What is it? Digitalisation of audiovisual resources represents a challenge in terms preserving them for future generations.
When it comes to digital source criticism, the methods and tools that philologists (and musicologists, linguists, historians, etc.) use to evaluate information during their investigation have a long tradition for printed texts and visual corpora, but they are still lacking to a large extent for digital (multimedia, therefore complex) resources.
Are the classical tools and methods still usable in the digital domain? How does the fact that in the digital age making an exact copy is possible, affect these tools and methods? What should new tools and methods look like? How do the content-wise and technical discussions in this matter interact?
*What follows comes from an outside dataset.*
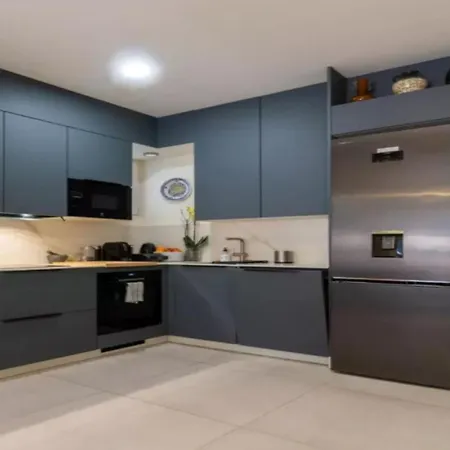 Apartamento Severo Ochoa Marbella Apartment *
What are the topics? The papers may represent a variety of theoretical perspectives and different methodological approaches. Submissions examining all areas of active and passive preservation and restoration of audio/multimedia documents are strongly encouraged, in particular:
- Digital philology: new concepts, methods and tools;
- Preservation of audio documents: principles, guidelines, approaches, reflections;
- Preservation of multimedia documents: challenges and possibilities;
- Preservation of interactive (art)works;
- Audio signal restoration;
- Digital representation of human-machine interaction;
- Computational paradigms for audio archives;
- Music information retrieval;
- Metadata in audio/multimedia archives;
- Copyright and privacy issues in preservation and distribution;
- Studio reports from the main audio/multimedia archives involved in original preservation projects.
What is the deadline? Submit your paper by 1 November 2017.